Don’t get constipated
Sometimes we need to nudge along our unwanted waste when it’s starting to clog up the colon. The bacteria in our gut wants to feed on the good fresh stuff, not the day or week old fermented leftovers. If we don’t get things moving on a regular basis, then our gut bacteria will have no choice but the feed on those leftovers. This will eventually be the fuel of farts.
Fibre gets things moving and promotes a smoother and easy transit. The tops forms of plant fiber are psyllium husk and plums. But any piece of fruit or vegetable will help. It’s important to note that consuming high fibre is useless without sufficient fluids. Together fibre and water will add bulk to the stool and get things ready for movement.

Avoid excess gas productions
Gas either comes from gut bacteria, or from inhaled or swallowed air.
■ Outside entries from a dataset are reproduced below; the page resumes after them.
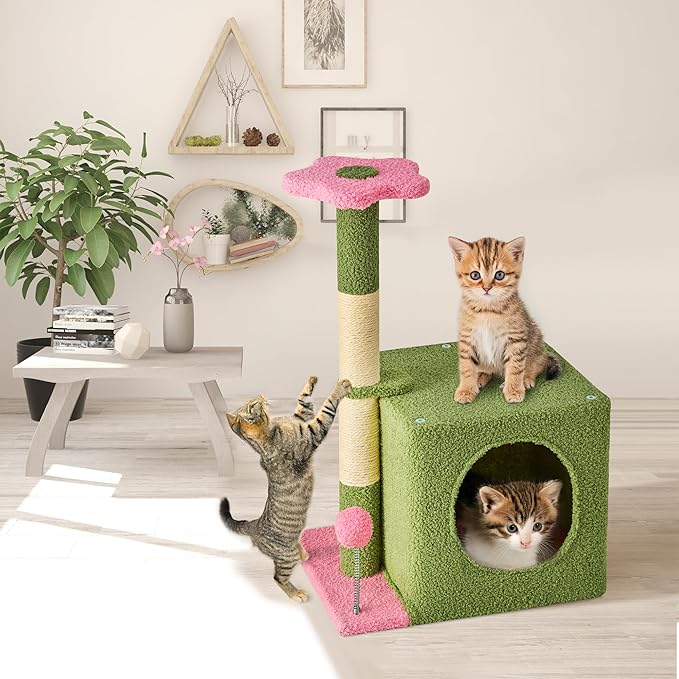 24 Inch Cat Tree Condo for Indoor Cats with Floral Sisal Scratching Post, Plush Hang Ball Play Furniture for Kittens Cats, Pink-Mewly Pet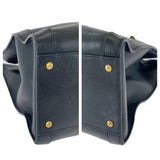 Gucci Tote Bag 655658 leather Black Gold Metal Bamboo Diana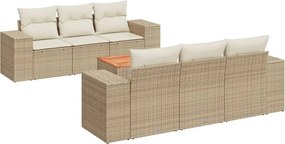 vidaXL Set canapele de grădină, 7 piese, cu perne, bej, poliratan
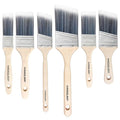 Wesquer 6 Pack Paint Brush Set – Flat & Angled Paint Brushes (1", 1.5", 2", 2.5") with 2" Short Handle Paint Brush, Professional Paint Brushes for Walls, Furniture, Wood Stain and Cabinet Painting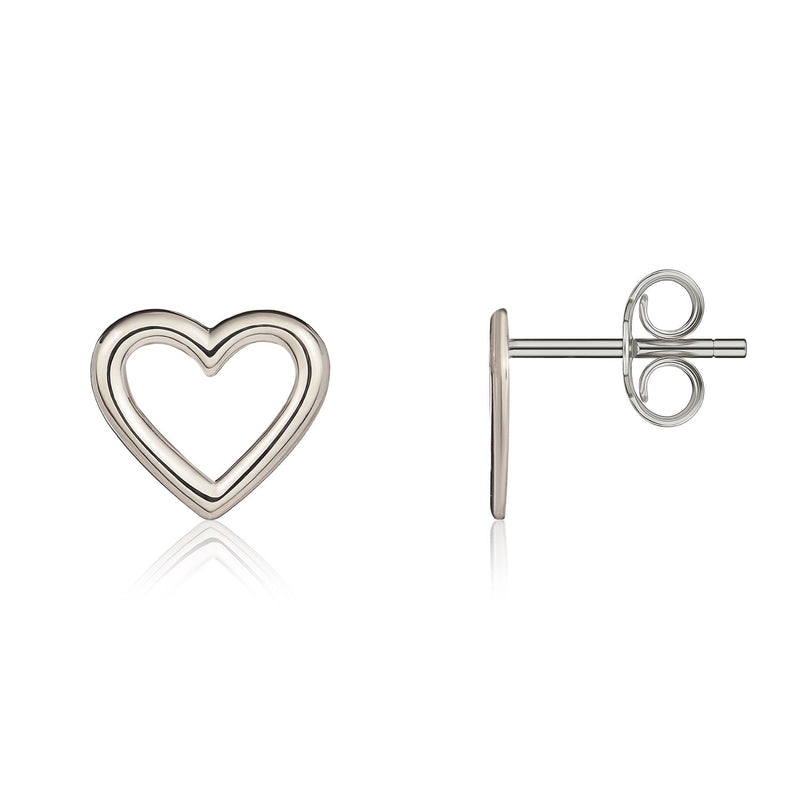 9ct White Gold Open Heart Stud Earrings — 9.5x10mm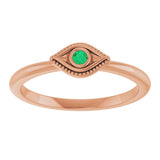 14K Gold Round Natural Emerald Stackable Evil Eye Ring - Rose Gold - view 3
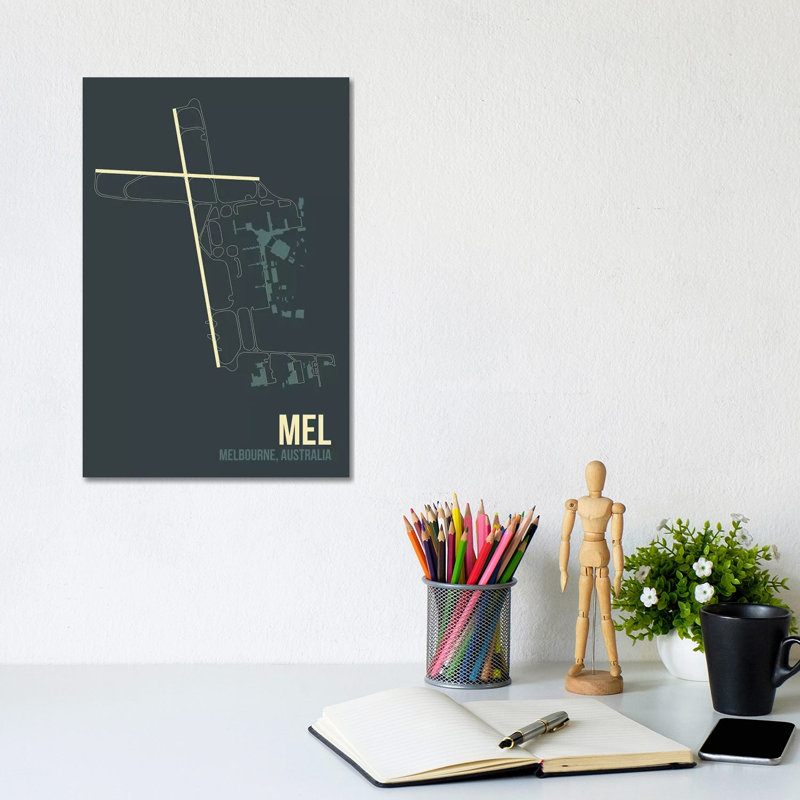 MEL Diagram, Melbourne, Australia - Wrapped Canvas Print, 30.48cm H x 20.32cm W x 1.91cm D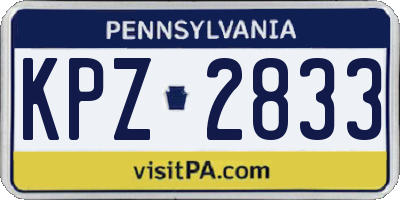 PA license plate KPZ2833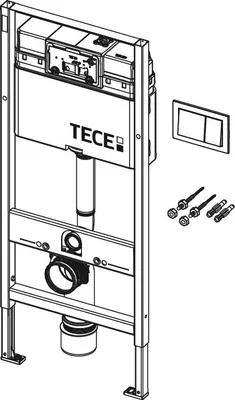 Produktbild von TECE WC-Set TECEbase Unterputz-Spülkasten Zweimengen Betätigungsplatte in weiß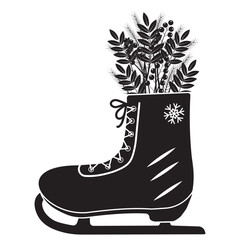 Hand drawn Christmas decoration with skates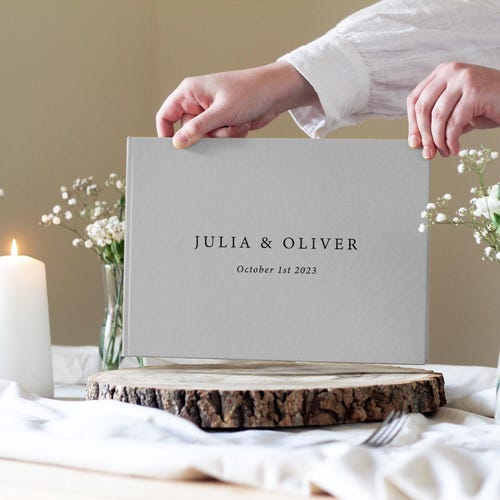 Personalized Linen Wedding Guest Book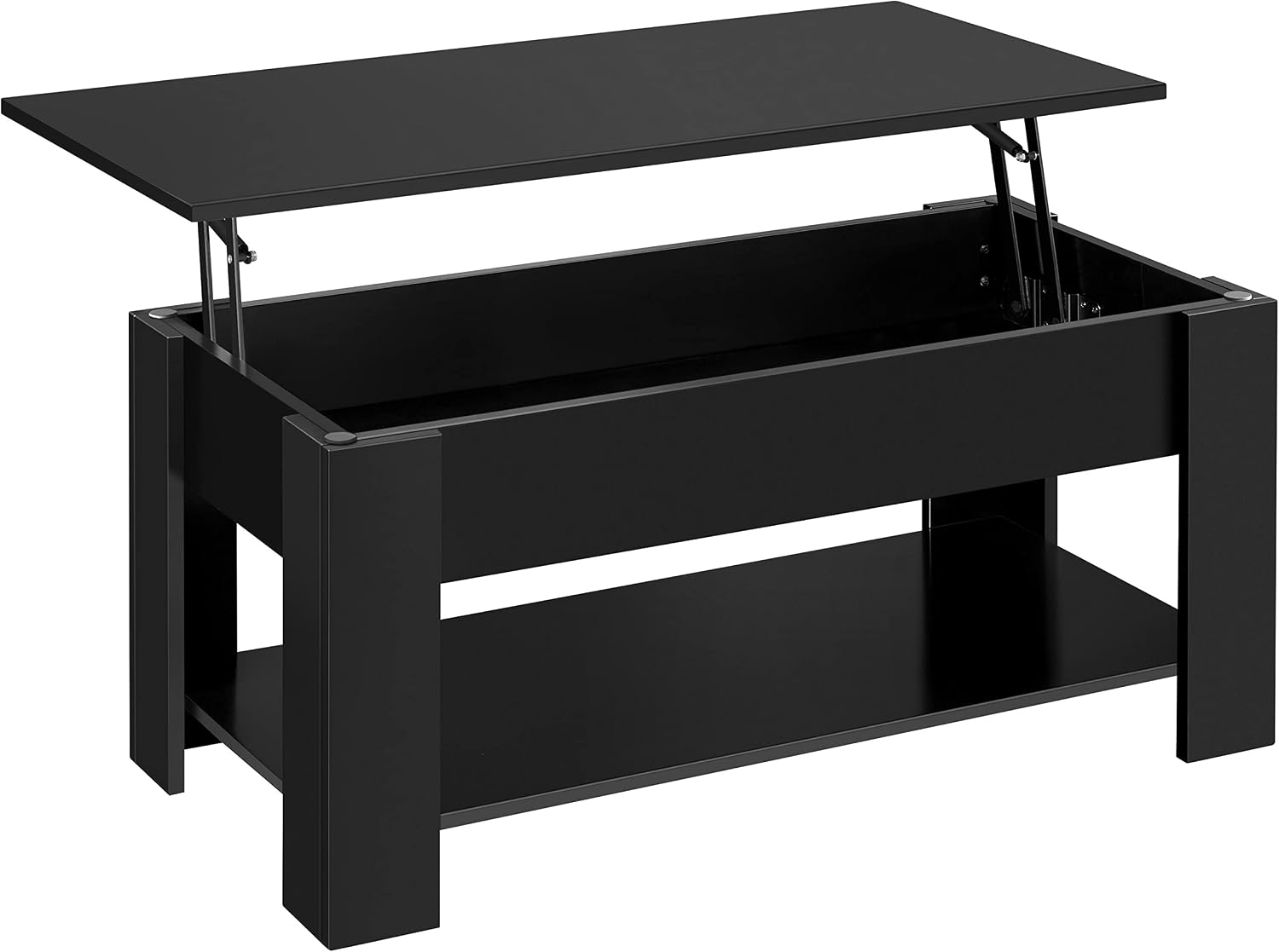 Detalle de Yaheetech 614136/613274 verstelbare salontafel met opbergruimte, zwart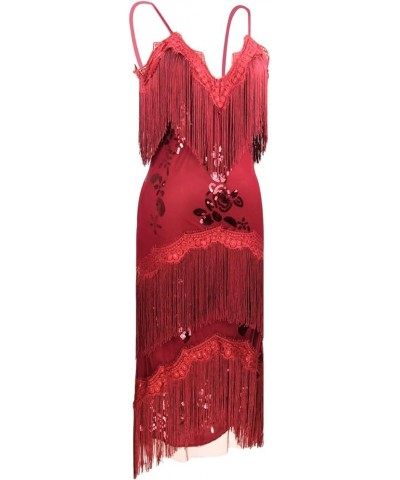 Women Tassel Fringe Sling Cami Dresses Sleevelss Flapper Bodycon Mini Dresses w/ 20s Accessories Set Wine Red $30.63 Dresses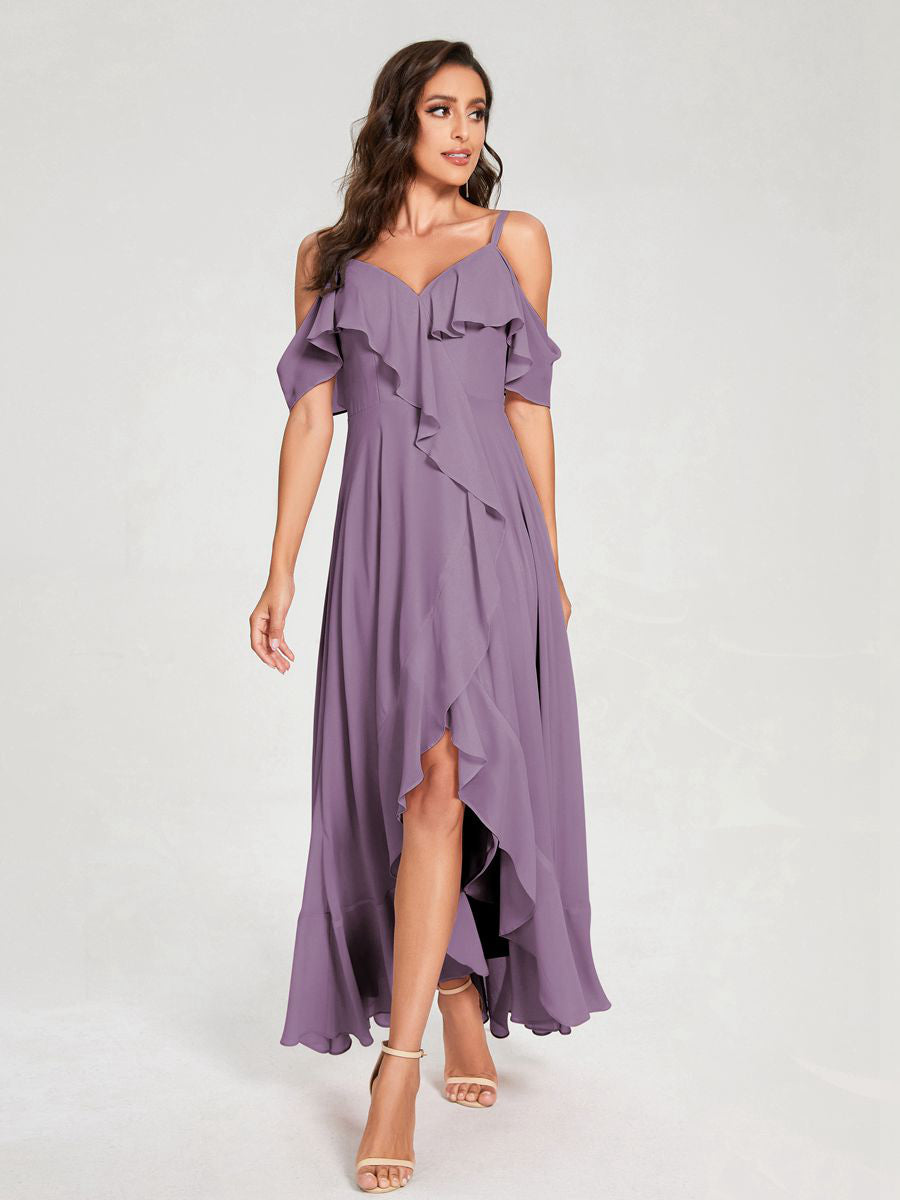 A-Line/Princess Chiffon Spaghetti Straps V-Neck Short Sleeves With Ruffles Asymmetrical Bridesmaid Dresses Dusty Purple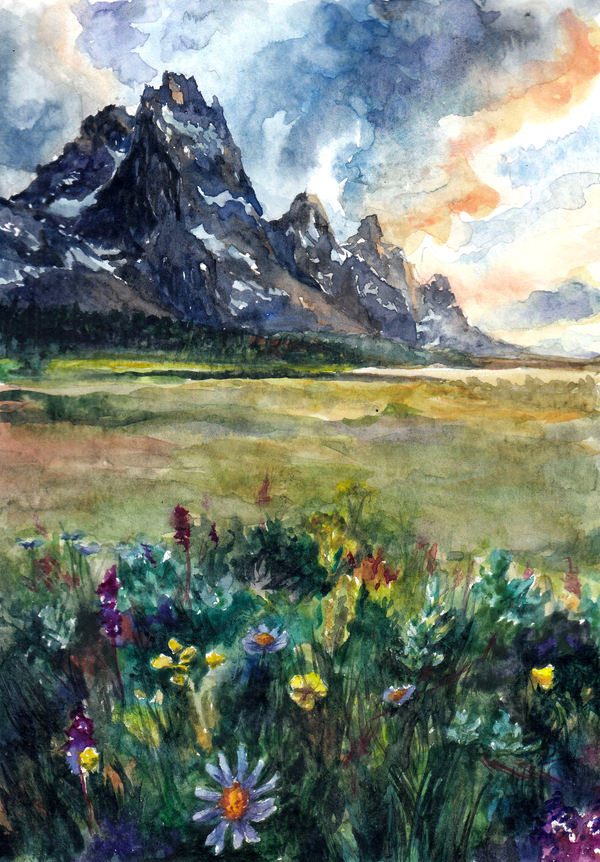 I want to go where a thousand herbs and flowers - My, Drawing, The mountains, Watercolor, Flowers, Artist, Illustrations, The sun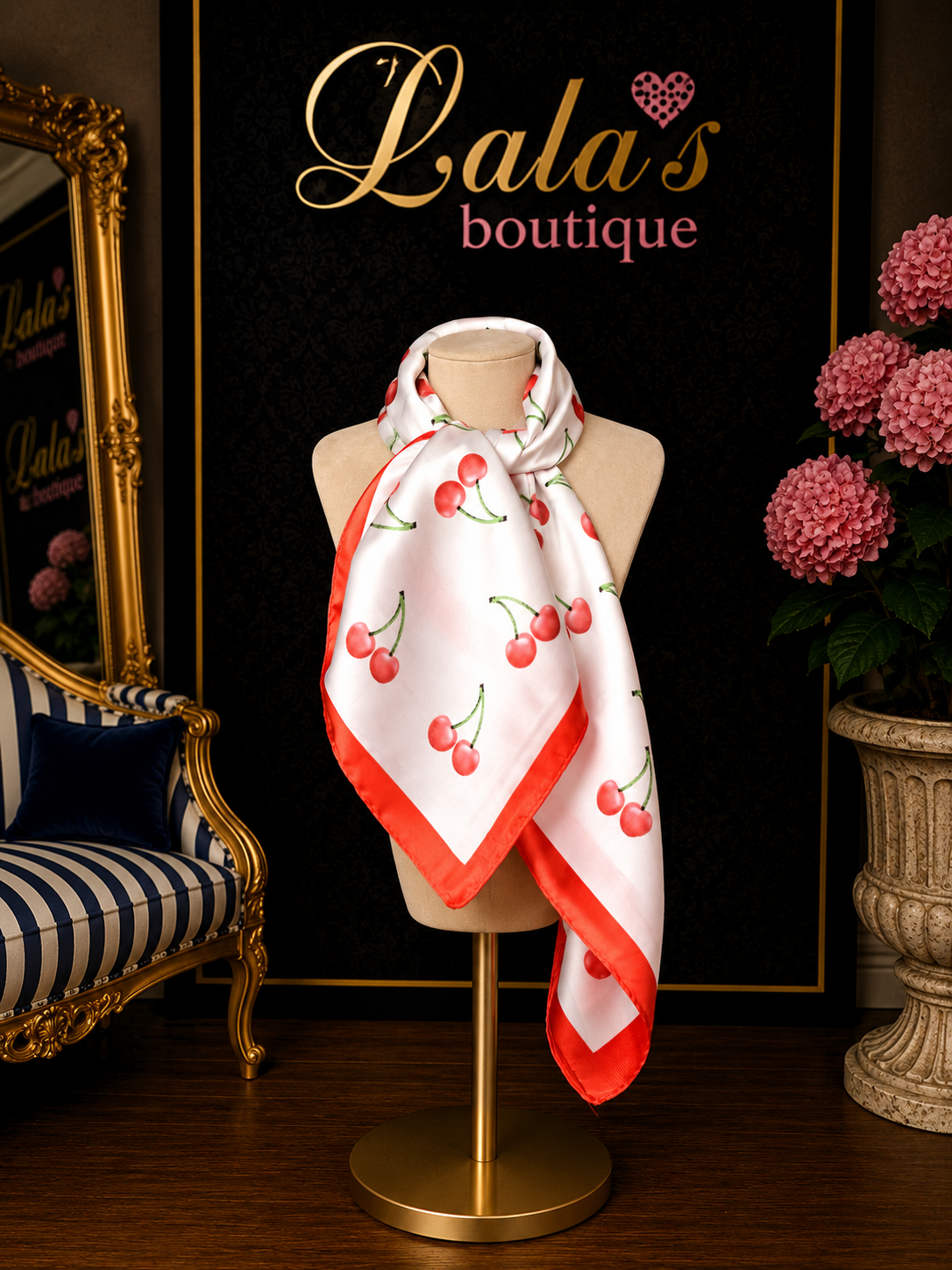 WHITE & RED CHERRY NECKERCHIEF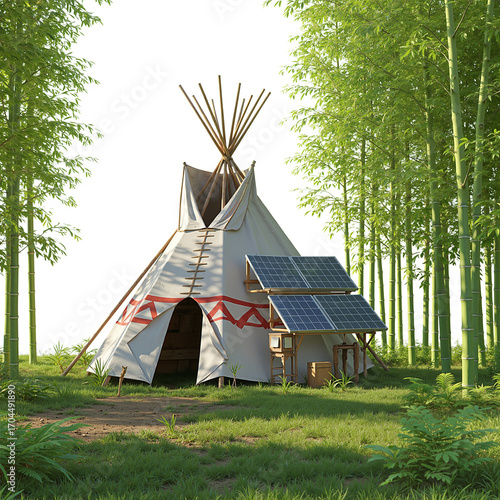 Watercolor Futuristic concept art, Native American Teepee with Solar panelle Bamboo forest at noon, 3d rendering, white background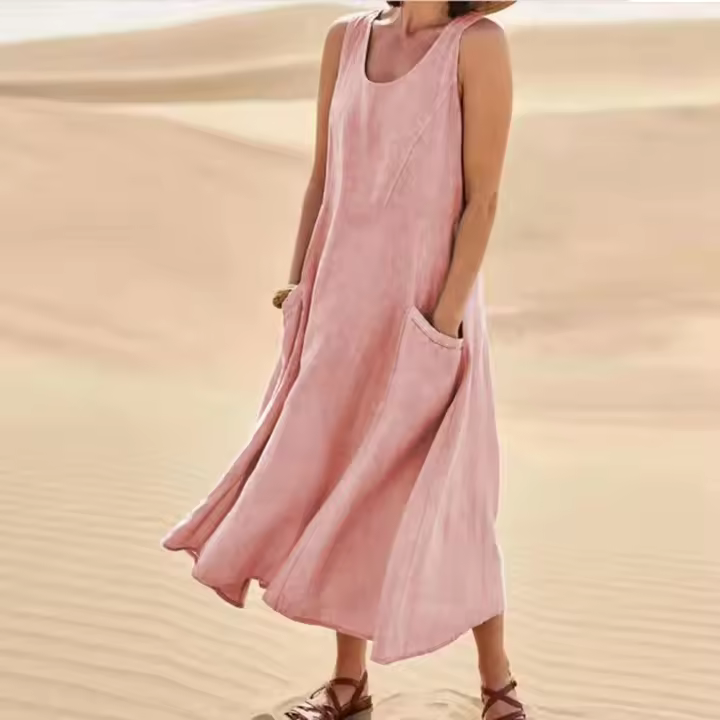 Vestido Sin Mangas De Algodón Y Lino Para Mujer Vestido De Verano Casual Cuello En V Largo Hasta La Rodilla Con Bolsillos - 1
Following simple rules like chewing your food properly and eating mindfully sounds so simple. But if you are wolfing down food, it won’t be properly masticated. This means, the rest of your digestive system will be hard at work breaking it a part. If the food pieces manage to get through in full form, it will be a fermenting fiesta for your gut bacteria.

Gut bacteria, or in fact any bacteria, feed off of sugar. So cutting back on sugar will also limit similar fiestas (also known as candida overgrowth) from happening too often.
If the bacteria in our gut seem to be acting up, then a probiotic supplement might be just what’s needed to balance them out for them to begin to work efficiently again.

The other way air gets trapped in is when we inhale it by eating with our mouths open, eating and talking or eating in a hurry. Was there method to our parent’s madness when they told us to eat with our mouths closed or to zip the lip when our mouths were full?
Air will also get in, through form of carbonated drinks and swallowed when chewing gums or using straws.

Last note on the bloat

If you get bloated, it’s important to find your kryptonite. Be mindful of what you eat and how it makes you feel—that’s the best place to start. Your answer might be in one of the above offenders, but sometimes it may be trickier, with a lot of trial and error involved.

For those who are willing to sacrifice digestive ease to eat whatever they please, then use digestive bitters or teas. If it’s too late and the bloat is already inside you, try some postprandial yoga moves. Light stretching or walking can bring relief, and so will napping it out until the digestion is fully complete.